(Short descriptive text snippets)
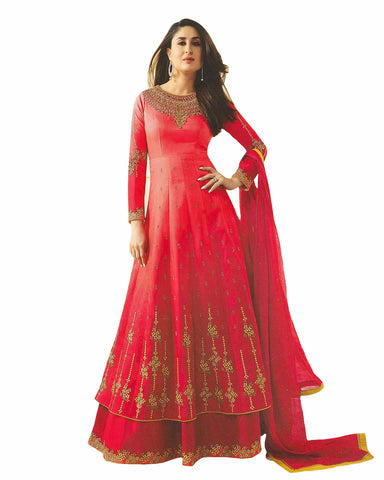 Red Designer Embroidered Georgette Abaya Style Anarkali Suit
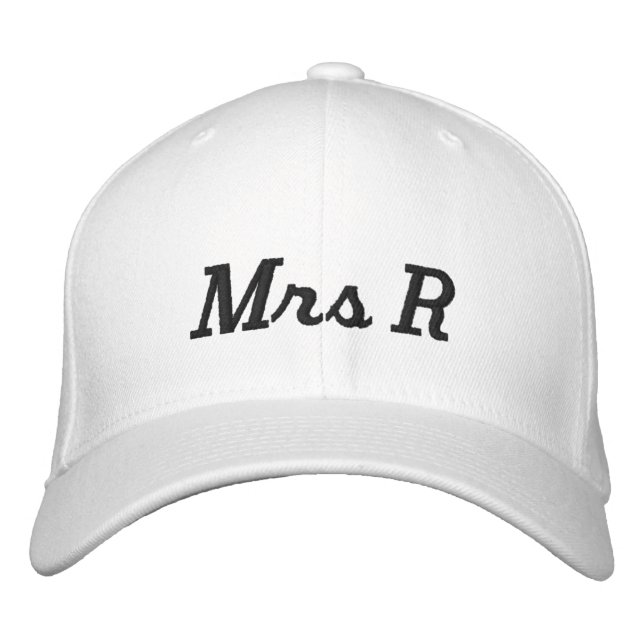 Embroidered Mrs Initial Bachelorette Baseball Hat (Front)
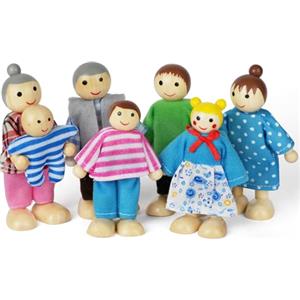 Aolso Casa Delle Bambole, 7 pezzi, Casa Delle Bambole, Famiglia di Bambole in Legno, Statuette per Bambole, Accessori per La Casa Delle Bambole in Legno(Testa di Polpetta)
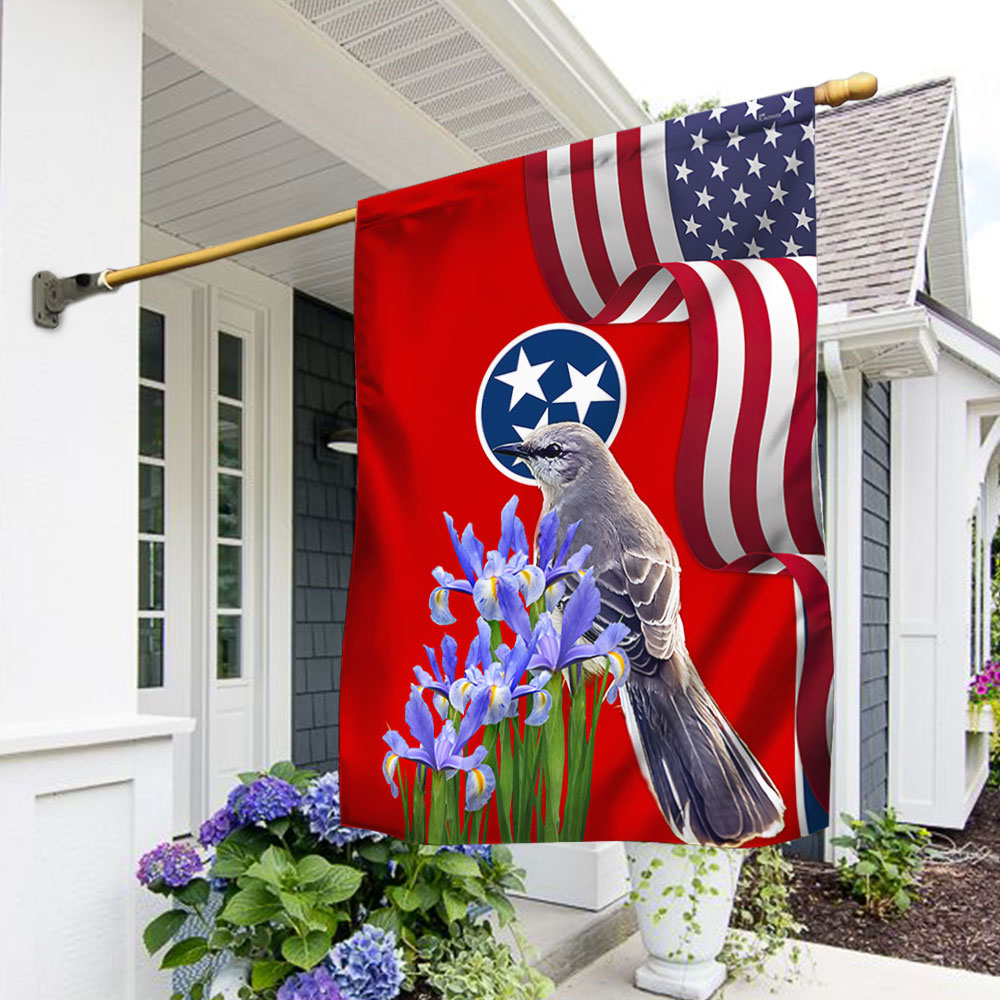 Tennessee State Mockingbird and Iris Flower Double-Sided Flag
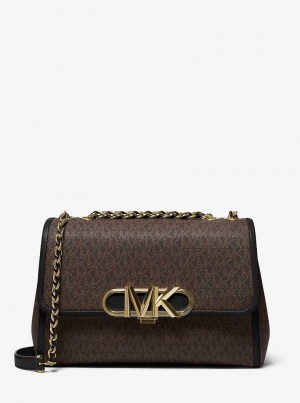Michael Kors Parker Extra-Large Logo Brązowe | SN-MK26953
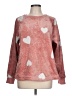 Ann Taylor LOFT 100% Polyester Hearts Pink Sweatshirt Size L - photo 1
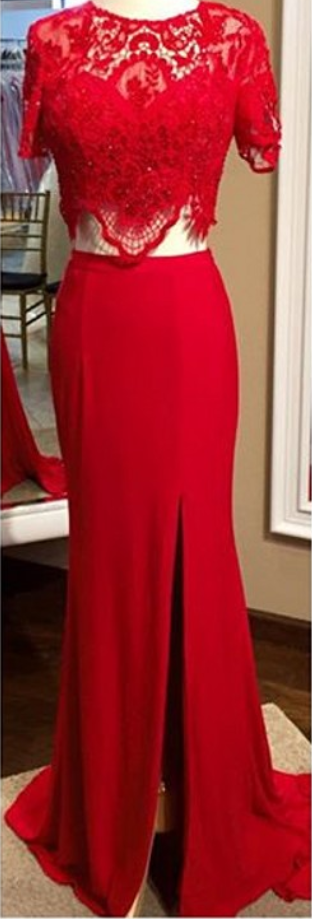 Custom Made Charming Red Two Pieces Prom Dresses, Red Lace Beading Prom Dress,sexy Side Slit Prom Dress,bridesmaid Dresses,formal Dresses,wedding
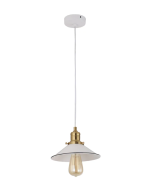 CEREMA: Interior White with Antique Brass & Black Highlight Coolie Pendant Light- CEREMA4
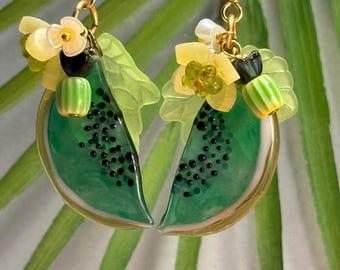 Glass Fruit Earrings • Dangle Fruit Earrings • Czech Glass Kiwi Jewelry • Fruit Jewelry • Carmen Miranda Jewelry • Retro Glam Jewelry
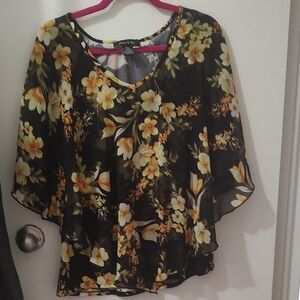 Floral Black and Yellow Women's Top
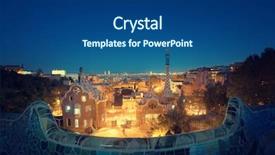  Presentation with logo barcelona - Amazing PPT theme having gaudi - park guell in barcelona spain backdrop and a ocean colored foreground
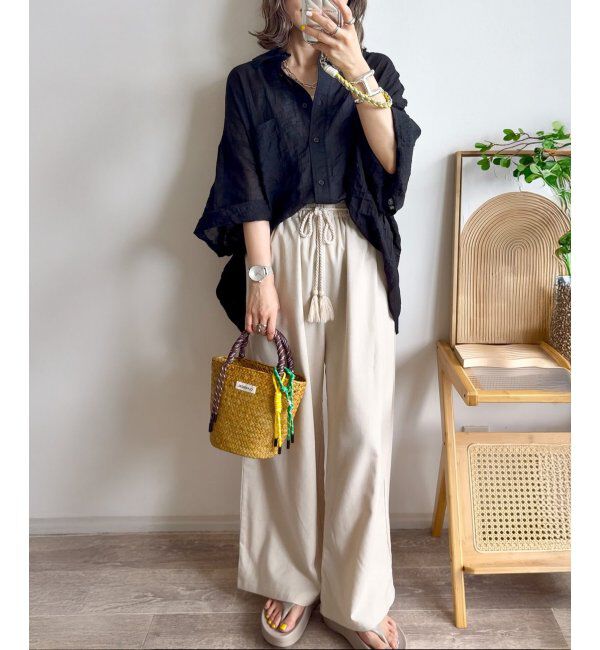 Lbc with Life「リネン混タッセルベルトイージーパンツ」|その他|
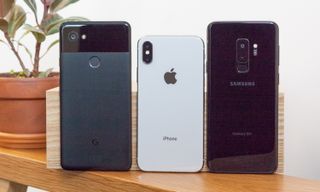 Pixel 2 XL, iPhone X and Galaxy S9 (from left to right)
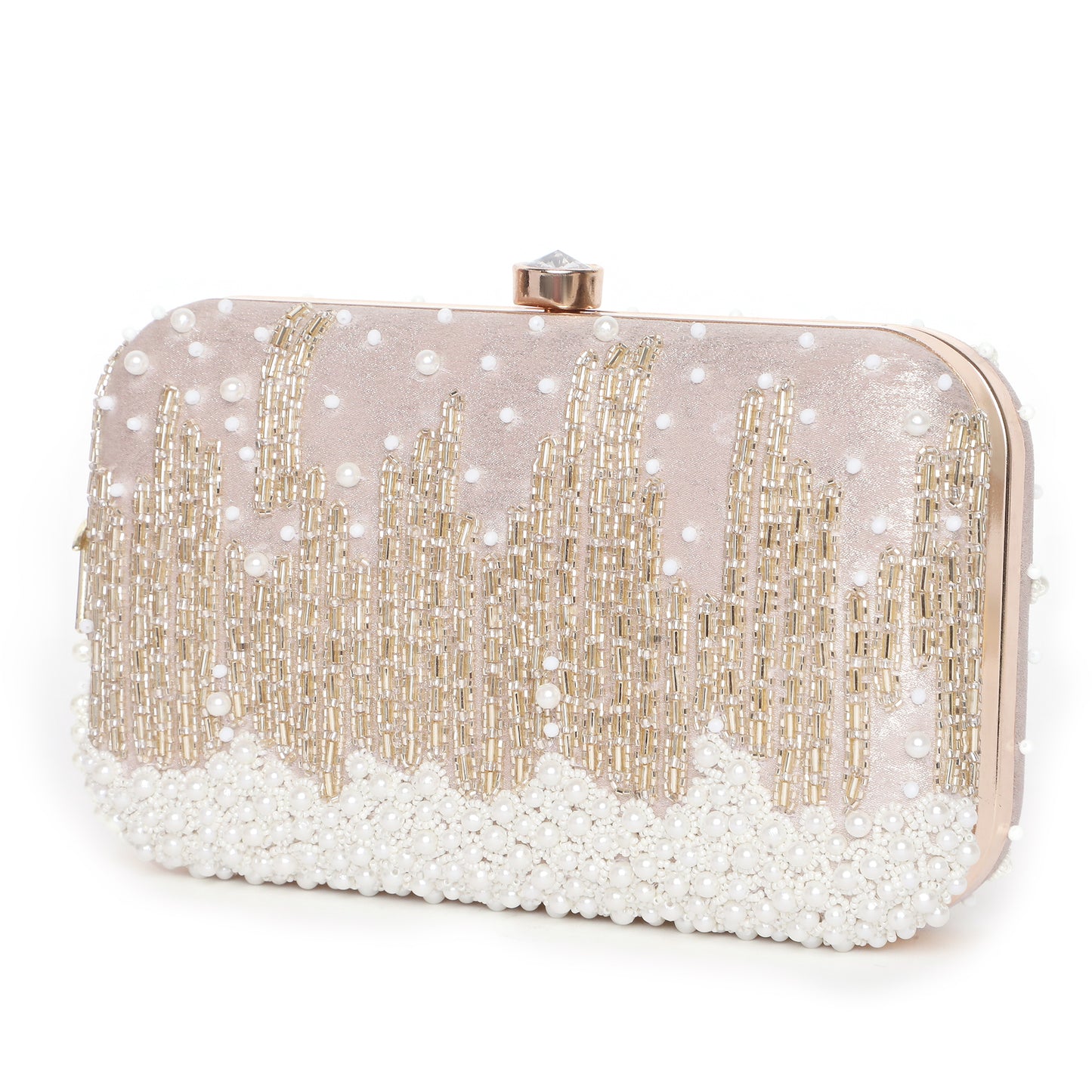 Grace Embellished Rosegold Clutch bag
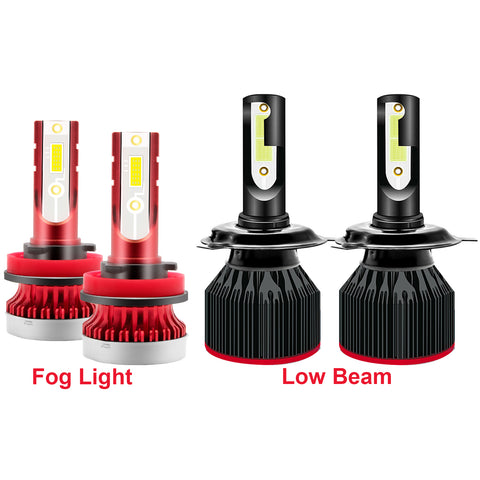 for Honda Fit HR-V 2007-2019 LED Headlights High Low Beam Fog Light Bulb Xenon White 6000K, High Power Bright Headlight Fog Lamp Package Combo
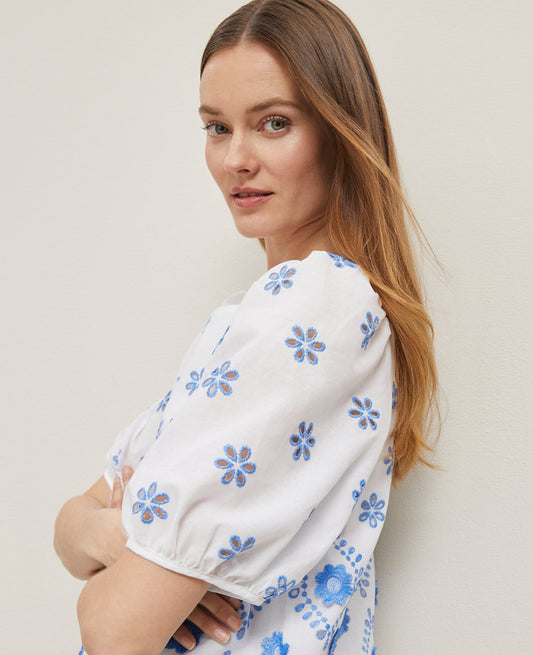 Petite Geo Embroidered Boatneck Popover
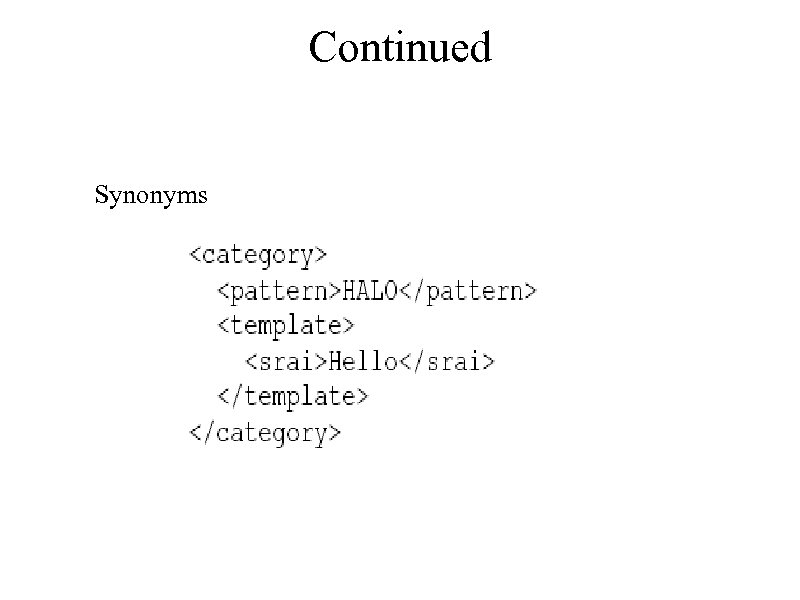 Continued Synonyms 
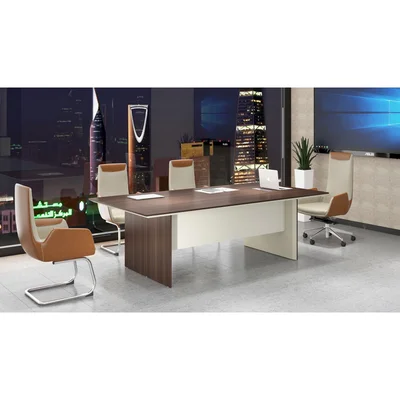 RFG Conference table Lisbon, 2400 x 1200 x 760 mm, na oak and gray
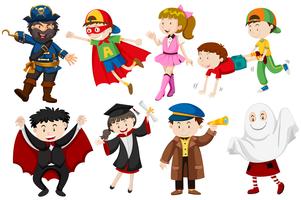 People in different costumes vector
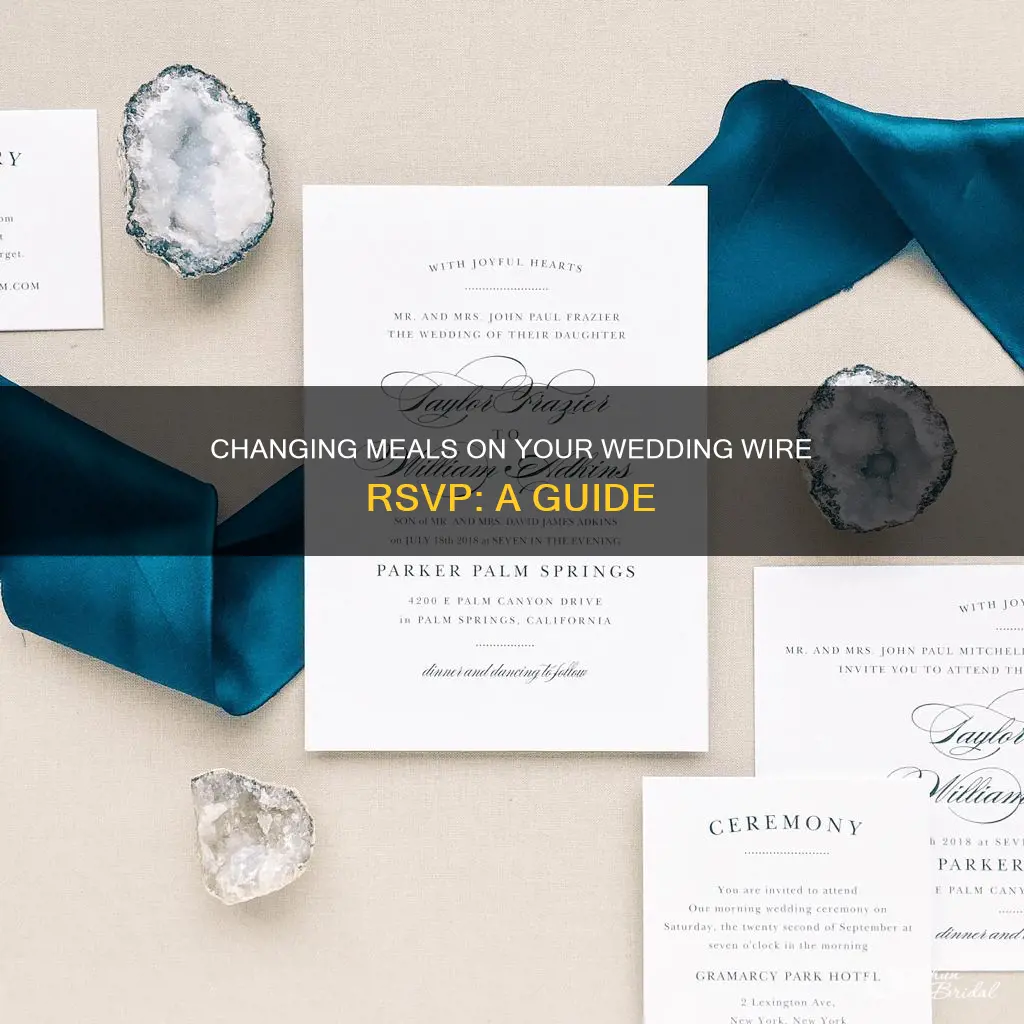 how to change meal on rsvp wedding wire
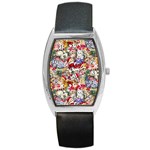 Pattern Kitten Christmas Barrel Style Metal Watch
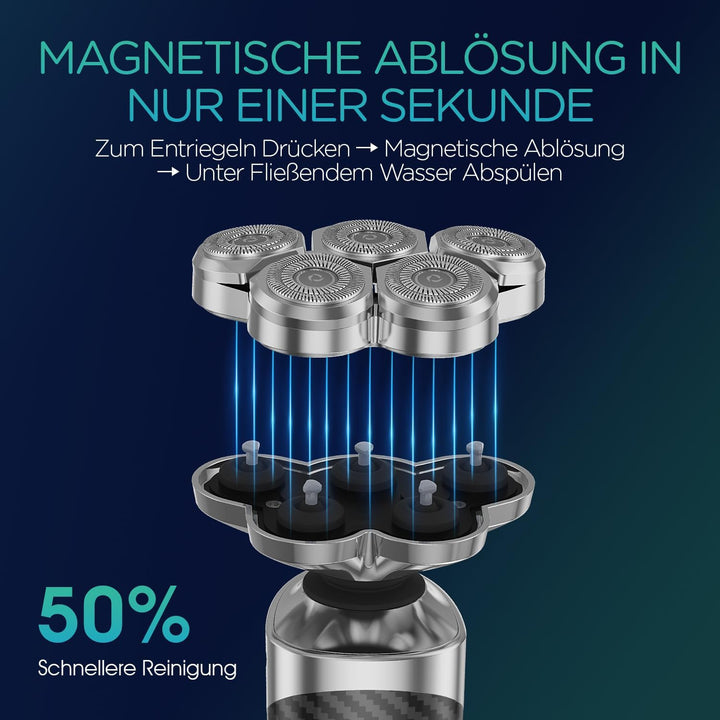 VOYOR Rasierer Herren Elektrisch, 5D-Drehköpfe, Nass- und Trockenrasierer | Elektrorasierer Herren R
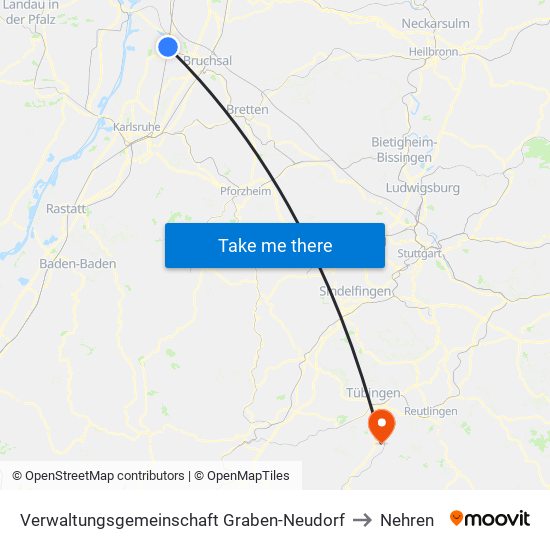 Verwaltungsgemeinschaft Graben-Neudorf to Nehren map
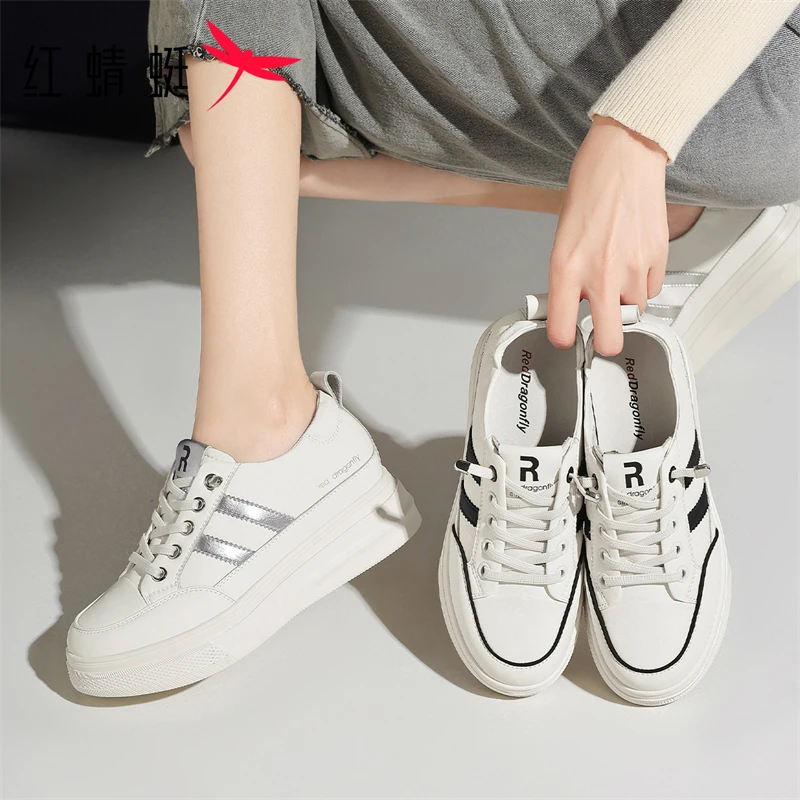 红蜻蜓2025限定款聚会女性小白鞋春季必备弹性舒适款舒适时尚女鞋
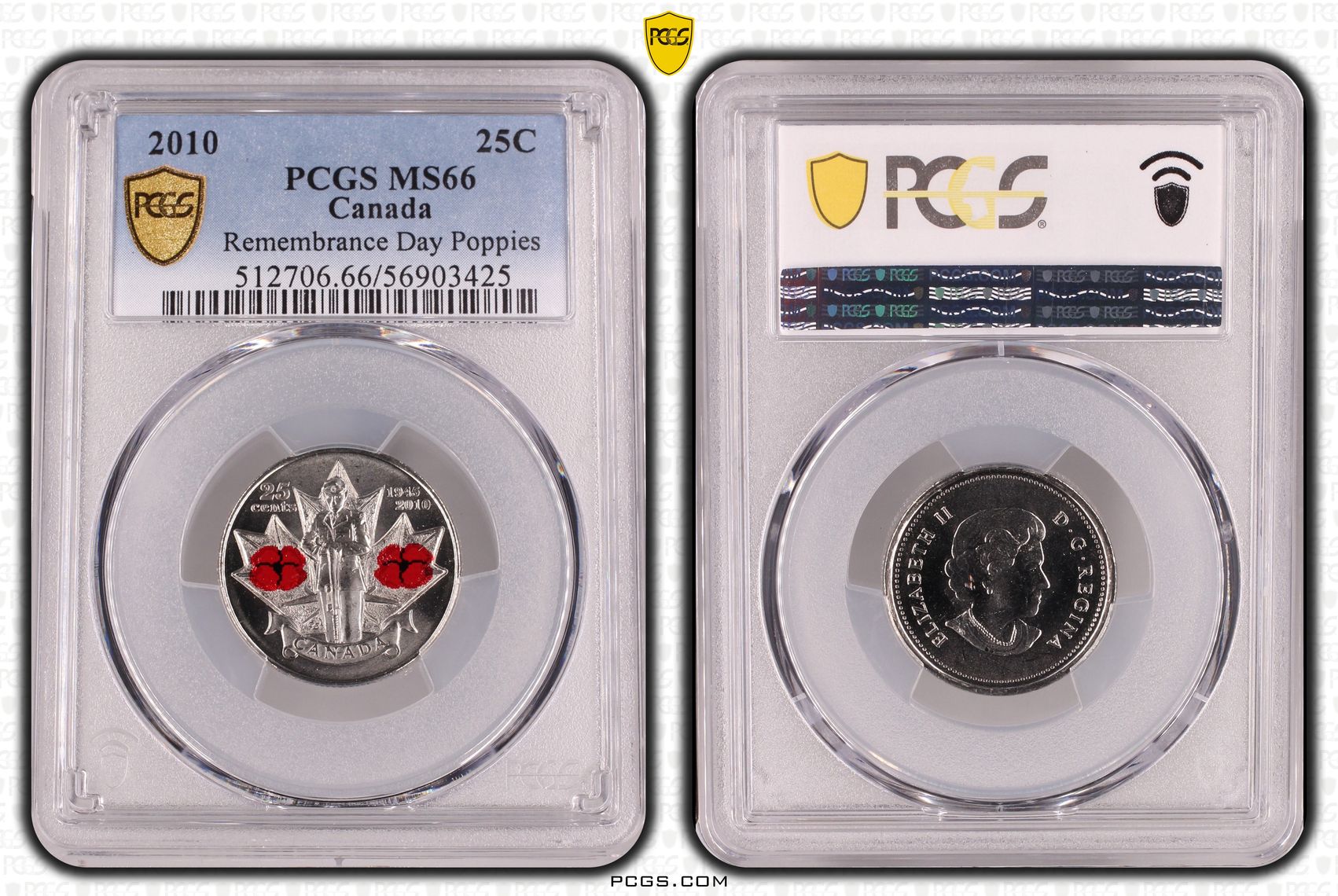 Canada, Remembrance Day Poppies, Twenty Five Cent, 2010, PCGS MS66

YOUR INSTRUCTIONS -> Beginning at the line above that contains "Embroidered Mrs Initial", repeat each line exactly through the one that contains "CEREMA: Interior White", and leave out the pictures.

WRITTEN SOLUTION ->
 Embroidered Mrs Initial Bachelorette Baseball Hat (Front)
 Aolso Casa Delle Bambole, 7 pezzi, Casa Delle Bambole, Famiglia di Bambole in Legno, Statuette per Bambole, Accessori per La Casa Delle Bambole in Legno(Testa di Polpetta)
 Tennessee State Mockingbird and Iris Flower Double-Sided Flag
Michael Kors Parker Extra-Large Logo Brązowe | SN-MK26953
 Ann Taylor LOFT 100% Polyester Hearts Pink Sweatshirt Size L - photo 1
 Custom Made Charming Red Two Pieces Prom Dresses, Red Lace Beading Prom Dress,sexy Side Slit Prom Dress,bridesmaid Dresses,formal Dresses,wedding
 CEREMA: Interior White with Antique Brass & Black Highlight Coolie Pendant Light- CEREMA4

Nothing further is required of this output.